- User signs in anonymously with Firebase (and implicitly with RevenueCat).
- User encounters a paywall and makes a purchase.
- User is redirected to a signup menu with the following sign up options email, Google, Apple.
- When the users signs up we do a account firebase upgrade from anonymous using linkWithCredential.
await Purchases.restorePurchases();
await Purchases.syncPurchases();
I am not sure why though, do these methods call the firebase cloud function? and should I not call them? and if I should not call them then this would not be very safe as we would just be explosives for vulnerability to the front end) Now appearing on both account is bad, but what is even worse is that it seams like:
- The old account's Firebase custom claims aren't being removed when RevenueCat stops tracking it, (so after login on to the new account the old account subscription/entitlement is stuck in active even though it's past expiration date because the revenuecat firebase claim is not removed, I could potentially solve this by just looking at the firestore collection, but I am not sure if that would be good practice)
- Unsure if calling Purchases.logIn(user.uid) and Purchases.syncPurchases() after linking is necessary or causing issues. ( I am calling the Purchases.logIn(user.uid) after the user has signed up on either one of the sign up methods, where the user.uid would be the firebase uid)

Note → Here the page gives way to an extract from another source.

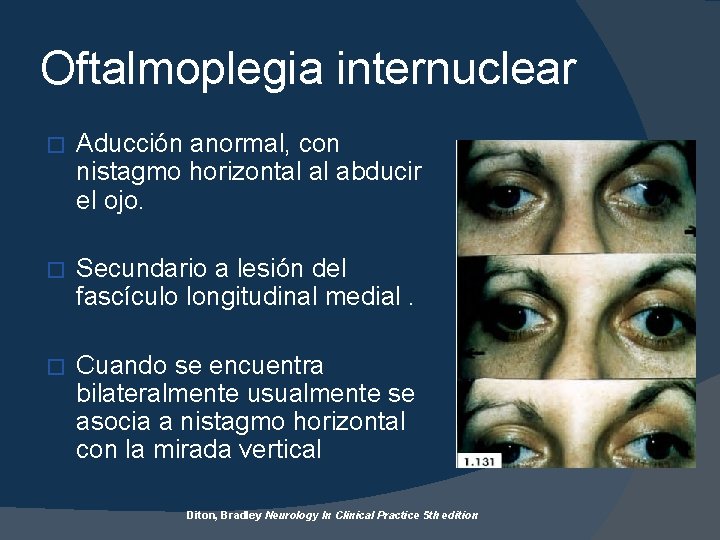 Oftalmoplegia internuclear � Aducción anormal, con nistagmo horizontal al abducir el ojo. � Secundario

- Local Apple device subscription state
- RevenueCat subscription state
- Firebase subscription state (custom claims/Firestore)
- How can we ensure that when a new account is created (not linked), the subscription is transferred or not duplicated?
- Is it correct to only sync purchases if the Firebase UID matches the RevenueCat user ID?
- How can we ensure that old, unlinked accounts have their Firebase custom claims removed?